Two Palestinian Artists Challenge Common Occupation Narratives

CHICAGO — If only this mountain between us could be ground to dust at the Art Institute of Chicago is the kind of refreshing and courageous exhibition rarely seen in major American museums, which are inclined to avoid sensitive topics that are yet to be filtered by the distance of history. Curated by Maite Borjabad López-Pastor, it features four installations by Basel Abbas and Ruanne Abou-Rahme, a Palestinian artist duo making their first solo appearance at major US institution. These works, which combine digital prints, text, video, and sound, are conceived as an amalgamated experience that evokes the mental space of life under occupation in Palestine; at the same time they aim to challenge the colonial narratives that are crucial to sustaining the occupation.

Leading to the main exhibition space are two installations that serve as a threshold between the inside and outside experiences of occupation.

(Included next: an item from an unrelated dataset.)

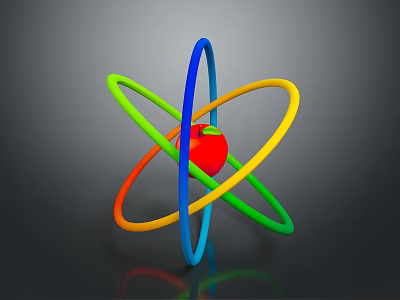 3D Atomic Structure Model With Central Red Sphere And Colorful Hoops Blue Green Yellow Orange 3d model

Don’t read poetics in these lines (2010-21) is a series of prints based on Twitter exchanges. The work offers a sense of the the reactive quality of social media traffic surrounding the Arab revolutions, characterized by an oversimplified and spurious conversation that still governs the construction of widespread media narratives. Interwoven with this work, Once an artist, now just a tool (2021) is composed of text in vinyl lettering scattered across the wall. “The artists prompt the institution into conversation, by exposing the colonial violence and wrongful appropriation involved in museum practices,” the curator has explained. Both of these projects attest to the role of mediation in creating, erasing, or transforming the narratives that shape public opinion and how we act upon it.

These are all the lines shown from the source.